Is every Lay-Z-Spa owner unhappy? No. There are also plenty of owners reporting fast replacement pumps, good spa performance, and 10/10 service experiences. The pattern is inconsistent, which is the core issue. When support works, it works. When it doesn’t, you’re on your own and out of pocket.
None of this is specific to the Arctic Ice Cold Plunge (it’s a separate product, and the ice bath has no pump that can fail like a hot tub’s). But the parent-brand support pattern is directly relevant because if you need a warranty claim or a replacement part on your ice bath, you’re calling the same customer service line.
First Impressions & Setup
This is where Lay-Z-Spa has always earned its keep: setup is legitimately easy. The Arctic Ice Cold Plunge ships flat in a carry-bag-sized box, along with the included hand pump and Tritech cover. No forklift needed, a single adult can lift the box from doorstep to backyard.

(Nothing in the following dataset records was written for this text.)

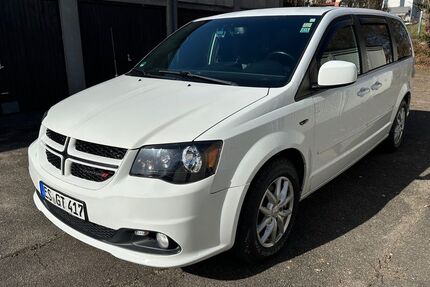 Dodge Grand Caravan 175.000 km 17.200 &euro; Esslingen 73732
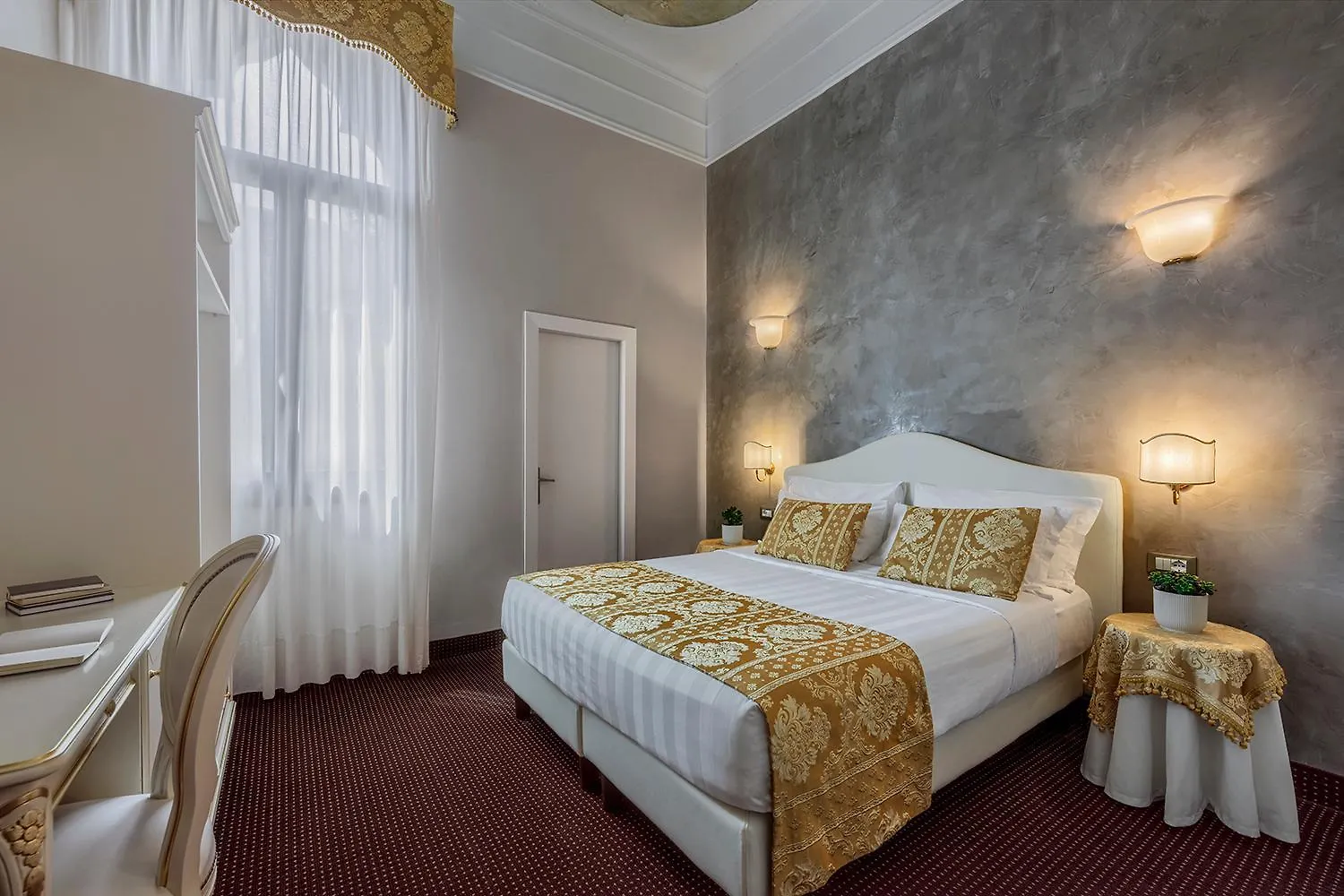 Hotel Pausania Velence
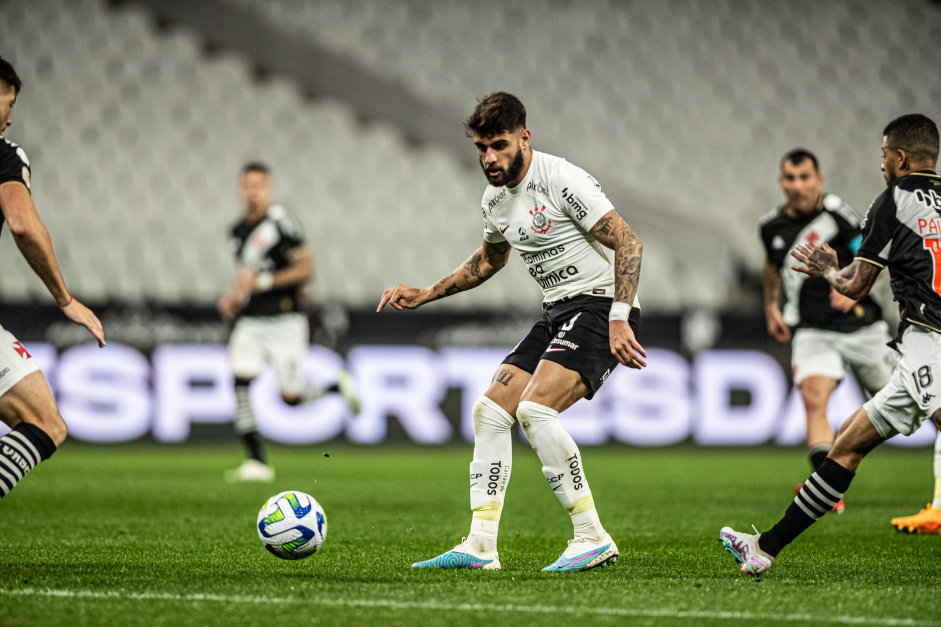 Yuri Alberto elogia Luxemburgo e comemora momento do Corinthians na temporada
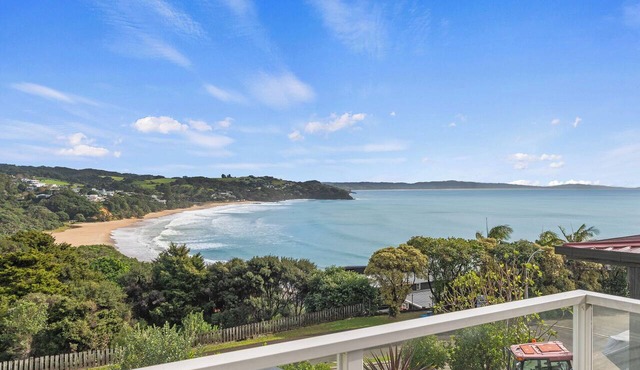 Spa and Surf Retreat - Langs Beach Holiday Home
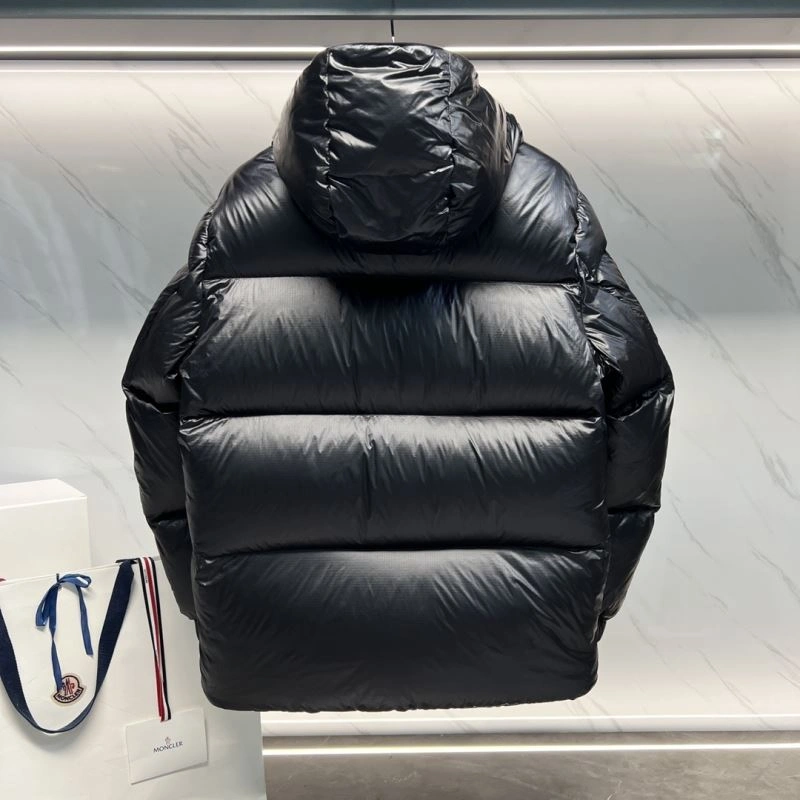 Moncler Down Jackets AllSeason 144344
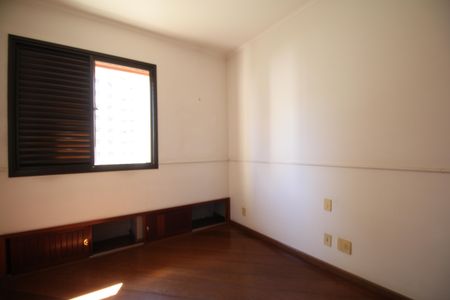 Apartamento à venda com 105m², 3 quartos e 2 vagasQuarto 2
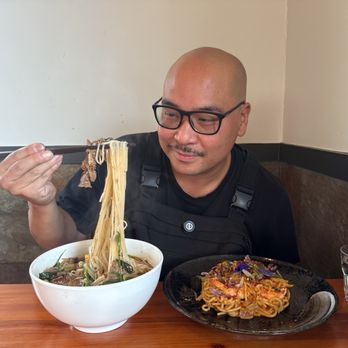 Me Va Con Vietnamese Kitchen - Shaking Spicy Shaken Beef Pho & Tom-Yum Pasta - Vietnamese Near Me - Oakland, California Me Va Con Vietnamese Kitchen - Shaking Spicy Shaken Beef Pho & Tom-Yum Pasta - Vietnamese Near Me - Oakland, California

The manufacturer’s 5-minute setup claim is close to accurate for inflation alone. Realistically, budget 10–15 minutes including filling with a garden hose. The hand pump is manual (there’s no included electric pump at this price point), so inflating the walls takes about 3–4 minutes of moderate work. Walls become rigid once pressurised, no sagging, no flexing when you sit in the water.
The Tritech cover is the standout accessory in the box. Reinforced material, locking clips at multiple anchor points, and it actually maintains cold-water temperature between sessions (more on cold retention shortly). This is a noticeably better lid than what comes with most sub-$300 round inflatables — and it’s one of the features that justifies the higher price bracket.
What’s not in the box: no thermometer, no drain hose, no filter pump, no electric inflator. These are all separate purchases if you want them. The most notable omission is the filter pump, water will sit stagnant between sessions, which shapes the maintenance routine significantly (discussed in the care section below).
The Build, Honestly Assessed
FortiFiber Drop-Stitch Walls
Drop-stitch is a real construction technique (it’s the same approach used in high-end inflatable paddle boards). The walls contain thousands of vertical threads running between the inner and outer surfaces. When pressurised, those threads hold the walls flat and rigid, far more rigid than a standard tube-wall inflatable.
In practice, the Arctic’s walls feel close to hard-panel when inflated to working pressure. You can lean against them, rest your arms on the rim, and they don’t bow or flex. That’s a step up from the round $150 inflatables where the walls visibly bulge when you climb in.
The realistic caveat: drop-stitch is still inflatable PVC/polyester composite at the end of the day. Rigidity is not the same as puncture resistance. Sharp garden debris, ice cubes with sharp edges, or a dropped bottle opener can still breach the outer layer. Treat it like any quality inflatable, mind the surface it sits on, and keep sharp objects away.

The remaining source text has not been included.